On drivers that do partial completions :-)

You should not worry about where you'll see it. Either you handle
partial completions by taking bytes_done into account, or you ignore the
issue and just look at bio->bi_size to determine whether all io in this
bio has completed.

> you explain the bio process start to finish with coalesced IO requests, 
> at least as designed. Also, the whole

Well, you build a bio and submit it. If another bio is built after that
and is contig on disk (either before or after the other one), they are
clustered in the request structure if they don't violate the
restrictions of the hardware (max size of a single request, max number
segments, etc).

> page and offset sematics in the interface are also somewhat burdensome. 
> Wouldn't a more reasonable
> interface for async IO be:
> 
> address
> length
> address
> length
> 
> rather than
> 
> page structure
> offset in page structure
> page structure
> offset in page structure

No, because { address, length } cannot fully describe all memory in any
given machine.

> The hardware doesn't care about page mapping above it just needs to see 
> addresses (and not always 4 byte aligned addresses)
> and lengths for building scatter gather lists. Forcing page sematics 
> seems a little orthagonal.

Any chunk of memory has a page associated with it, but it may not have a
kernel address mapping associated with it. So some identifier was needed
other than a virtual address, a page is as good as any so making one up
would be silly.

Once you understand this, it doesn't seem so odd. You need to pass in a
single page or sg table to map for dma anyways, the sg table holds page
pointers as well.

> I can assume from the interface as designed that if you pass an offset 
> for a page that is not page aligned,
> and ask for a 4K write, then you will end up dropping the data on the 
> floor than spans beyond the end of the page.

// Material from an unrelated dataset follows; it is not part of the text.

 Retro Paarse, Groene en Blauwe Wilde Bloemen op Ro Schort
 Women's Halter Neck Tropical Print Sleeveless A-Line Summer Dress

What kind of bogus example is that? Asking for a 4K write from a 4K page
but asking to start 1K in that page is just stupid and not even remotely
valid.

> No offense, but this is **BUSTED** behavior for an asynch interface. The 
> whole page offset thing is a little
> difficult to use and pushes needless complexity to someone just needing 
> to submit IO to the disk. I think this

It's not difficult at all. Apparently you don't understand it so you
think it's difficult, that's only natural. But you have access to the
page mapping of any given piece of data always, or if you have the
virtual address only it's trivial to go to the { page, offset } mapping.

> is great for mmap for the VFS layer, and it dure makes it a lot easier 
> to submit IO for fs with the mmap layer,
> but as a general purpose async layer on top of generic_make_request, 
> it's a little tough to use, IMHO.

I can only imagine that you are used to a very different interface on
some other OS so you think it's difficult to use. Most of your
complaints seem to be based on false assumptions or because you don't
understand why certain design decisions were made.

> Please advise,

I'll advise that you read and understand Suparnas excellent description
of bio in Documentation/block/biodoc.txt.

-- 
Jens Axboe